Trypanosoma cruzi acidic ribosomal P protein gene family. Novel P proteins encoding unusual cross-reactive epitopes.

We have cloned and characterized cDNA molecules that encode members of the acidic ribosomal protein family (TcP proteins) from the protozoan parasite Trypanosoma cruzi. These proteins have been shown to be antigenic in individuals with T. cruzi infection. Unlike other known eukaryotic cells, T. cruzi possesses at least four types of P protein genes TcP0, TcP1, TcP2a, and TcP2b, each of which is present in multiple copies in the genome. These genes are present on at least three different chromosomes. Although the abundance of TcP0, TcP2a, and TcP2b transcripts do not appear to vary among the parasite life-cycle stages, TcP1 is predominantly expressed in the epimastigote (insect) stage. TcP0 has a C-terminal heptapeptide sequence that is similar to those of archaebacterial acidic (P-like) proteins, but the TcP1/P2 proteins terminate with a shared sequence characteristic of the P proteins of higher eukaryotes. The serine residues or other potential phosphorylation sites typically found within the highly charged C-terminal acidic domain are absent in T. cruzi P proteins.
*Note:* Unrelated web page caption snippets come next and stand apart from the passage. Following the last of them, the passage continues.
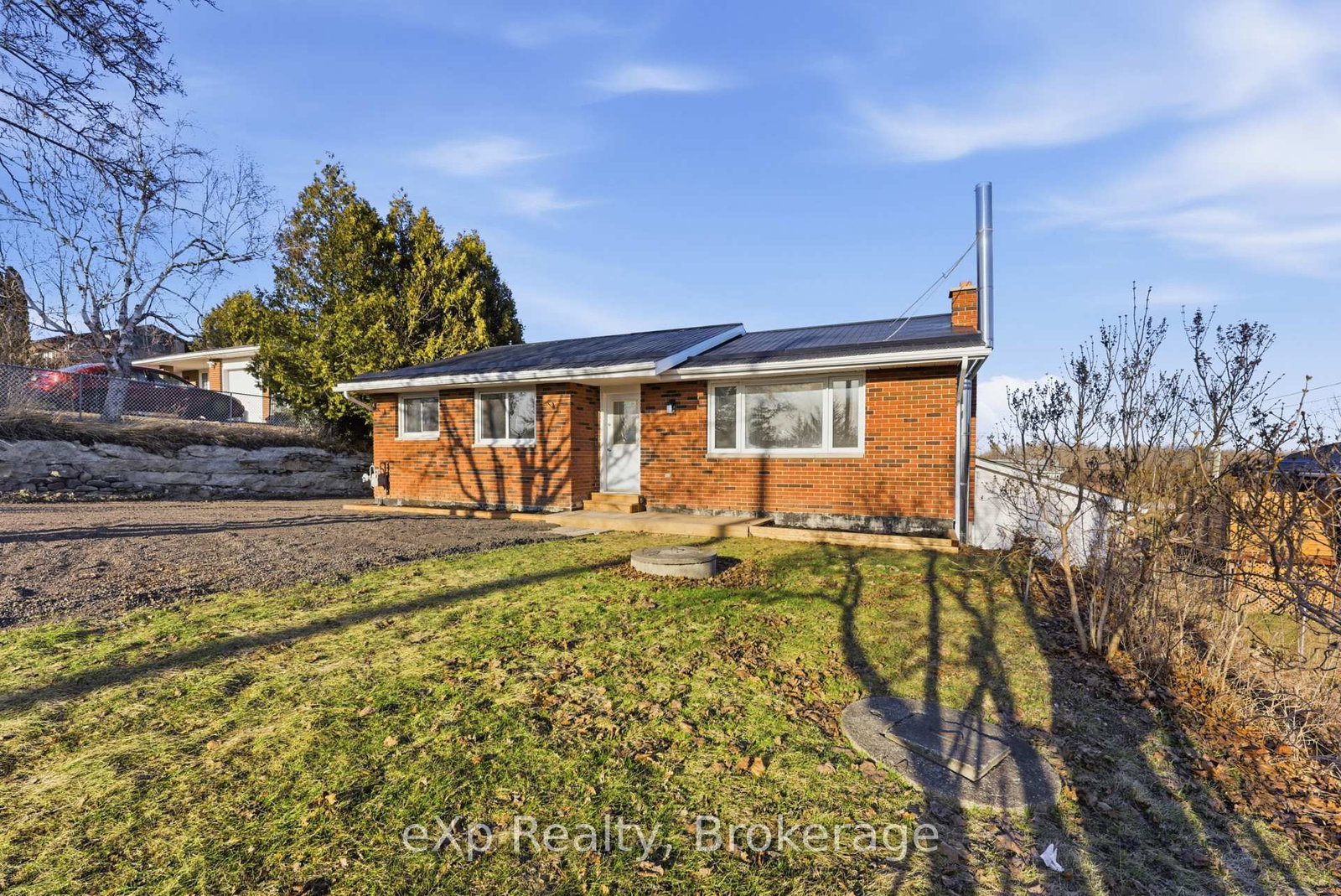 696-whites-road-quinte-west-ontario-x13455158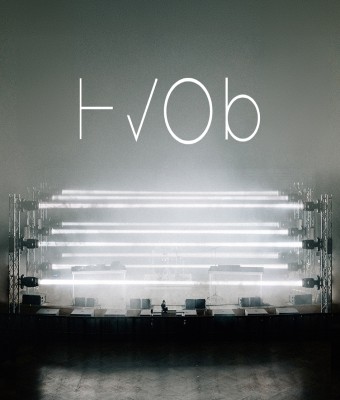 HVOB en Barcelona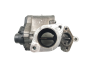 Egr Valve 8200630740 A2C53025930 VDO 1.9 dci Renault Megane 2 Scenic 2 48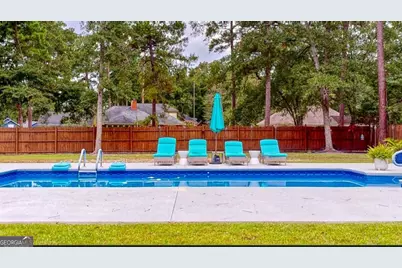 129 Palmetto Drive, Rincon, GA 31326 - Photo 37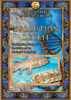 LE MENSONGE DE L’EVOLUTION - Adnan Oktar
Using synthetic peptides, we demonstrated that approximately 80% of T. cruzi-infected individuals produce two distinct but cross-reactive anti-P antibody specificities directed against the C-termini of TcP0 and TcP1/P2. We also expressed the full length (non-fusion) recombinant human P0 and demonstrated that the T. cruzi anti-P antibodies cross-react with the C-terminal residues of human P-proteins. Conversely, human anti-P protein antibodies in sera from patients with SLE cross-react with the C-terminal epitope of T. cruzi TcP1/P2 proteins. The cross-reactivity of anti-TcP antibodies with human P proteins suggests that, through antigenic conservation, TcP proteins may contribute to the development of autoreactive antibodies in Chagas' disease patients.